Companies on the U.S. exchange lists already endure requirements placed on them by their own countries, and the SOX Act only burdens them more (Hunter, 2007). The article affirms that, “According to the law, a foreign company listed on a U.S. exchange must meet all Sarbanes-Oxley requirements if its shareholders include at least 300 Americans”, “Punishing the Innocent: The Sarbanes-Oxley Act, p. 26, para. 1). The problem with this is that is coerces foreign companies to follow U.S. laws, as well as those already in effect in their home countries. There is one thing that counteracts the SOX Act. In litigation against the PCAOB, an accounting firm based in Nevada instituted the assistance of a lobbying group in Washington, D.C. to prove that the SOX Act giving the PCAOB the right to place fines and other penalties on businesses, without being overseen by the government, violates the separation-of-powers clause of the U.S. Constitution (Hunter, 2007).
Legal issues, like the ones discussed in the previous section can be damaging to a business and those involved. For instance, if companies or higher-ups within them are found to be engaging in these unethical practices, they will likely suffer civil and criminal fines, as well as serving time in jail. While this is an example of unethical behavior in business, many companies consider this defensive management. Hunter states, “ with Sarbanes-Oxley bureaucrats watching everyone in corporate America, there can be no doubt that companies are practicing defensive management”, (Punishing the Innocent: The Sarbanes-Oxley Act, p. 25, para. 8).
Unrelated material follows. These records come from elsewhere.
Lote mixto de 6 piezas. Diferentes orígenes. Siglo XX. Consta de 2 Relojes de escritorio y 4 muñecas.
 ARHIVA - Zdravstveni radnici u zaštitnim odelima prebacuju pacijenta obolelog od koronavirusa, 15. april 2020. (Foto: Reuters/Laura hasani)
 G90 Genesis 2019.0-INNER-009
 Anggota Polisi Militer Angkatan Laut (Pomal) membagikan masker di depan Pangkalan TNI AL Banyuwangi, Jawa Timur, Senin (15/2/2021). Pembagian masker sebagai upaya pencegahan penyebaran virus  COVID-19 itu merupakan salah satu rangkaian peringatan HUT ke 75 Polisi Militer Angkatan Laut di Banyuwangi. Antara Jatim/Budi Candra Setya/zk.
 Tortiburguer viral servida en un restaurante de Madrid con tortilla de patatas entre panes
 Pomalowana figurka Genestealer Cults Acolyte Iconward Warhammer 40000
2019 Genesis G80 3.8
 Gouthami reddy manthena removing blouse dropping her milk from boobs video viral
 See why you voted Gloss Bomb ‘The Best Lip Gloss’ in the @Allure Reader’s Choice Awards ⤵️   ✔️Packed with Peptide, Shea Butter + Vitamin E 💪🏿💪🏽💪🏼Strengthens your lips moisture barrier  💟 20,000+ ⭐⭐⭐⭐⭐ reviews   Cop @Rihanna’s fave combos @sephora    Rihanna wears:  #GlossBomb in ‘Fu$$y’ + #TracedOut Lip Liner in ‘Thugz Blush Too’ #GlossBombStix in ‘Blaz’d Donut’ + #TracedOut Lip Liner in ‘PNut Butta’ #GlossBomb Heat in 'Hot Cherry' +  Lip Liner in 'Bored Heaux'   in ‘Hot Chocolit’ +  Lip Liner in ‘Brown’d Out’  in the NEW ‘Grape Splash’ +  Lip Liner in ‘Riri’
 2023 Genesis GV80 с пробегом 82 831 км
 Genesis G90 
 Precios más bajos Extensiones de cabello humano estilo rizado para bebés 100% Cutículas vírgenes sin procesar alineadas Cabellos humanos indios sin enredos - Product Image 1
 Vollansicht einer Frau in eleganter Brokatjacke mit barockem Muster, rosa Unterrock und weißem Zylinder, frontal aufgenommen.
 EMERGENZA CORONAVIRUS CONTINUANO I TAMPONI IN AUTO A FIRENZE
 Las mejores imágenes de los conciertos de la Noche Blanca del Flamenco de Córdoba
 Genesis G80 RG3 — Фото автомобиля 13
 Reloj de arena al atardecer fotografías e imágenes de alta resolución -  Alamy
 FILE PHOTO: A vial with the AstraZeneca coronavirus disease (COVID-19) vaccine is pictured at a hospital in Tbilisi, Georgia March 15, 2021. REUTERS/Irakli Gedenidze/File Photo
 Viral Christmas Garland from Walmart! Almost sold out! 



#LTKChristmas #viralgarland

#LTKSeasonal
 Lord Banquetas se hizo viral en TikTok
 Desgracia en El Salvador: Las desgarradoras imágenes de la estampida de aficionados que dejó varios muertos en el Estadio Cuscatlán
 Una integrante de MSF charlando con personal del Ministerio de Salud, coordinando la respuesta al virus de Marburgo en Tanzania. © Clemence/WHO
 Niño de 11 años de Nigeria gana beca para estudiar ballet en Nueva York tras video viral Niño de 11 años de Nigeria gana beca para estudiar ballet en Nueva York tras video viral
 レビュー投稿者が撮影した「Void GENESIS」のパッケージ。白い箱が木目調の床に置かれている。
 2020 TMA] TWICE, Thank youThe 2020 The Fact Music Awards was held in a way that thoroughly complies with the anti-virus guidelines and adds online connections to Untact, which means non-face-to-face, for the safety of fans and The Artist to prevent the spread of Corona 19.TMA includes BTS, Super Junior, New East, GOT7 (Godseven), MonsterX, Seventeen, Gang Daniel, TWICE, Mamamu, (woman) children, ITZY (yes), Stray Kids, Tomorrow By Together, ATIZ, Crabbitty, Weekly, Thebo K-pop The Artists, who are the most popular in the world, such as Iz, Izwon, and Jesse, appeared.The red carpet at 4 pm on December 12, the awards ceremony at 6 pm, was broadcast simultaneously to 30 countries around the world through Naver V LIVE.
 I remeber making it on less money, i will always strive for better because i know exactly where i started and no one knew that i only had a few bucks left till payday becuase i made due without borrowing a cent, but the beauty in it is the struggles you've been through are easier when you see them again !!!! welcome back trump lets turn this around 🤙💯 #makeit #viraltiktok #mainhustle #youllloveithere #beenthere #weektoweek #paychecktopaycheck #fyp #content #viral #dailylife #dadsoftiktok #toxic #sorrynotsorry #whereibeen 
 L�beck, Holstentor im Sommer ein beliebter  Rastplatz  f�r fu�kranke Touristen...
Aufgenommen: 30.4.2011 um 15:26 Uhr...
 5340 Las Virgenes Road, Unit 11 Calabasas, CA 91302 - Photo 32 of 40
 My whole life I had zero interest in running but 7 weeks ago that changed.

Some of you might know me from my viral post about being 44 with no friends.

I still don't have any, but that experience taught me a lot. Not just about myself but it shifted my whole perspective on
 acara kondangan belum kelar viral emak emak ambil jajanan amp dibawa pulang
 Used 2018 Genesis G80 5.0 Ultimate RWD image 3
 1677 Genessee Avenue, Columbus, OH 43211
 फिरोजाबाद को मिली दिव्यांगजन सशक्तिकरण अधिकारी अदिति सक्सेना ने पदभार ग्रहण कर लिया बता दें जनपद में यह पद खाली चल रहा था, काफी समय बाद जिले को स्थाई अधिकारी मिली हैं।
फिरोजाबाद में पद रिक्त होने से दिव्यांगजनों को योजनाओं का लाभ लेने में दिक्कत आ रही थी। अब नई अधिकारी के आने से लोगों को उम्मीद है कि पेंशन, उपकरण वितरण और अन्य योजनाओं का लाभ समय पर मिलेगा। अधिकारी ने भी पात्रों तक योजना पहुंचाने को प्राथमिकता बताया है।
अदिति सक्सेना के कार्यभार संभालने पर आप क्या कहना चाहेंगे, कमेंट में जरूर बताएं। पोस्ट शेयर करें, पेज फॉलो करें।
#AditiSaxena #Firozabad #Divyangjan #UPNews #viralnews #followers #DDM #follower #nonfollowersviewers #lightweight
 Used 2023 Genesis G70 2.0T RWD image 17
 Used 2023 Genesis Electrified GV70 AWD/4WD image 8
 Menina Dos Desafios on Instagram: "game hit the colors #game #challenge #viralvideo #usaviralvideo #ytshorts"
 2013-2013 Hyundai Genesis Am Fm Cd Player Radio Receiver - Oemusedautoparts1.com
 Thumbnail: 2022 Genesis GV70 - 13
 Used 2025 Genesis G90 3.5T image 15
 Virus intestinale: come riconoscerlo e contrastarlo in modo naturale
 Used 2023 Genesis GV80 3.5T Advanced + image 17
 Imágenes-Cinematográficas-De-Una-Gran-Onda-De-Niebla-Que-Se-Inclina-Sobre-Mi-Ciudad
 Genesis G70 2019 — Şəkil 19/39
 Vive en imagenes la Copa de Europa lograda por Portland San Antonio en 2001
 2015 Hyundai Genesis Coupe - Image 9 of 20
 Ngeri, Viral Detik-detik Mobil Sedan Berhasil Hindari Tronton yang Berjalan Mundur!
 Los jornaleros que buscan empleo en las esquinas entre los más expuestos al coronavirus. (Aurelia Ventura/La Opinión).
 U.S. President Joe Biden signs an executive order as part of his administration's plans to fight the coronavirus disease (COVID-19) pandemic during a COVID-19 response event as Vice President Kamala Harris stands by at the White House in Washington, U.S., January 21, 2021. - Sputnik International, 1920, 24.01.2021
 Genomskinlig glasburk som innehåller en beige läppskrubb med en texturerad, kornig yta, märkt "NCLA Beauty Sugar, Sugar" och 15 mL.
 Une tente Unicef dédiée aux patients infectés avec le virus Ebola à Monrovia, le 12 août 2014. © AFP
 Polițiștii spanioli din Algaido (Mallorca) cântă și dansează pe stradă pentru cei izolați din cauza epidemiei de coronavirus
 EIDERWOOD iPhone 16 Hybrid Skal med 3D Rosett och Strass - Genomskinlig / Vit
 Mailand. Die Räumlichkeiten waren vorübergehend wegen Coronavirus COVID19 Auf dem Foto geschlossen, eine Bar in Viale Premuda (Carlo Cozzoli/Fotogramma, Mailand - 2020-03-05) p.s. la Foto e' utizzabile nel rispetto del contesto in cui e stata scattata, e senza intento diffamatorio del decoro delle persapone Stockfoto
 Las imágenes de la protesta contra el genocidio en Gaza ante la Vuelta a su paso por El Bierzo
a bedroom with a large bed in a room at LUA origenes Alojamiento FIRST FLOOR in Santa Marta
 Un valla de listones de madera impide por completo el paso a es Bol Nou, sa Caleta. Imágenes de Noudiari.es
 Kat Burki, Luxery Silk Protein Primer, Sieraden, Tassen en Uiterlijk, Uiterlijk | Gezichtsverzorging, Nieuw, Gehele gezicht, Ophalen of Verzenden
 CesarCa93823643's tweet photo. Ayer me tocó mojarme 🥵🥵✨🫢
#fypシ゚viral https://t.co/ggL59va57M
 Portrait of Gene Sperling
CEOs and CFOs who lead companies that practice these dishonest methods to hide that they are avoiding the SOX Act and PCAOB regulations may face penalties in the form of fines up to the millions of dollars and ten to 20 years in prison (Hunter, 2007). When considering foreign businesses and the SOX Act, some foreign companies may choose not to be part of the U.S. exchanges, thus depleting revenue for them and reducing available products in the United States. Managers must remember that laws are put in place for a reason, and while some laws may seem unfair, they must still be respected and followed. Managers should make sure their businesses meet the standards of the PCAOB and the SOX Act to avoid litigation and penalties.